The work is ongoing, and currently comprises over four thousand near-identical paintings of the same glass of water against the same simple backdrop. The glass is framed identically on each canvas, and variation between paintings is restricted to subtle differences in light and colour that reflect the changing conditions of the studio.

Because it is an ongoing project, the work is continually both complete (all there is so far) and incomplete (there is more to come). This duality means that the point of creation remains present in the paintings as a continuous threat to the integrity of the work. The threat is double: that more paintings will be created, disrupting the present unity of the work; and that no more paintings will be created, disrupting the present continuity of the work. Thus the work is continually on the brink of disintegration, and only as long as it does not disintegrate can it continue reassert its presence. It is a work in the present continuous: it is working.

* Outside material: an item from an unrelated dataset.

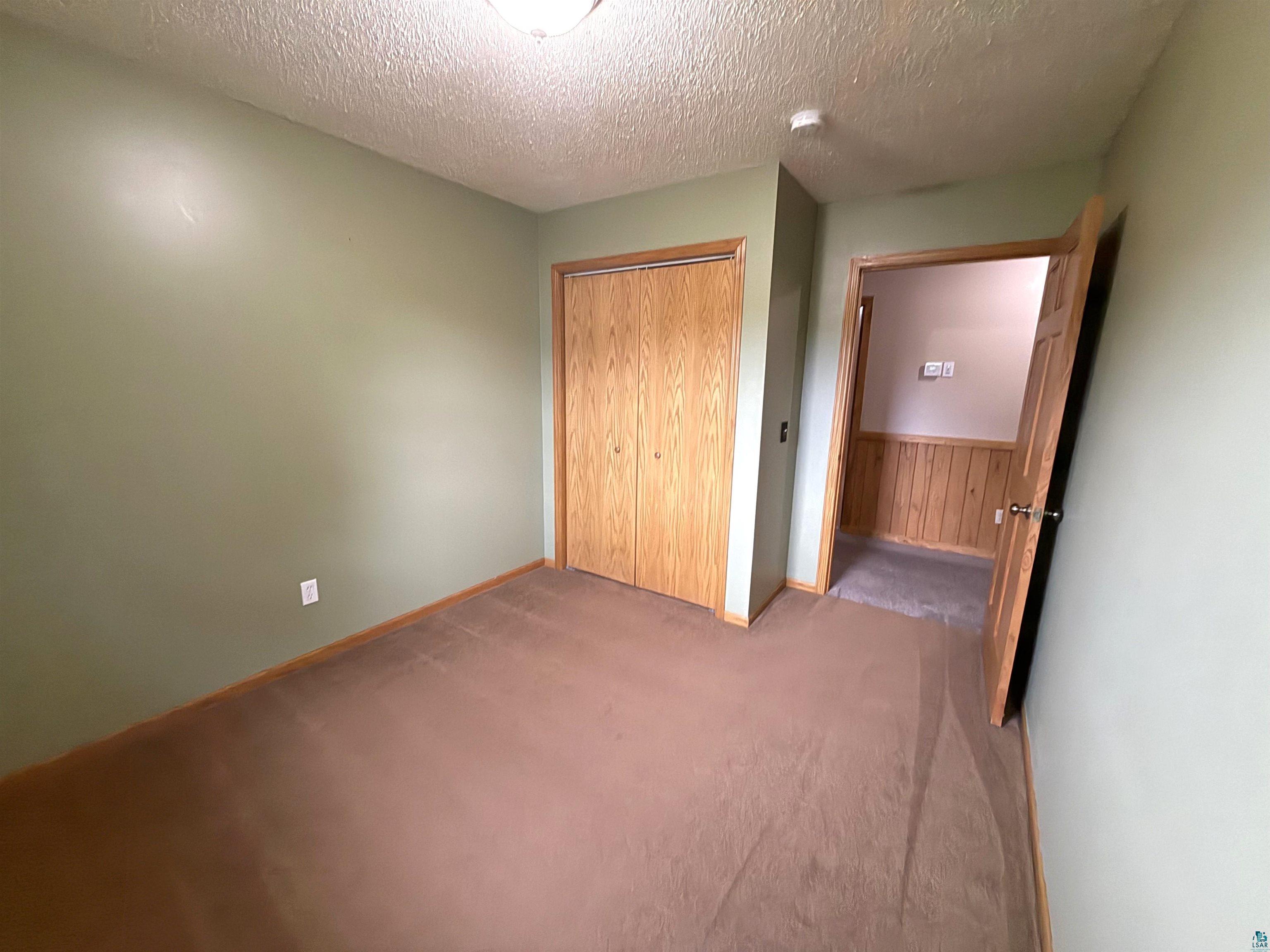 5080 Tower Road Moose Lake, MN 55767 - Photo 25 of 49 Wall-to-wall carpeting with light green painted walls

The work exists over time, and the whole corpus of paintings shifts whenever a new painting is added, but also shifts whenever none is added. Indeed, when the work is encountered in a gallery, the numbers scratched into each painting show that they are out of sequence, with the effect that no sequence of paintings is safe: each is continually the potential site of a new interruption should the next painting arrive. The work is a continuity of potential interruptions, constituted almost entirely by edges, to the extent that the edges silence the table glasses and supplant them as the subject matter of the paintings.

The painted table glasses are thus blocked from operating as images directly available to the gaze of the viewer standing before the canvas. As long as the repetition of the glass is unending, repetition itself mediates between viewer and image, leaving the painted glasses locked in private dialogue with one another.

The brutal completion of the work, perhaps at the death of the artist, will put an inevitable end to the threat of disintegration and lucidly identify each painting as the substance of itself, reconciling viewer and painting into a direct relationship of recognition.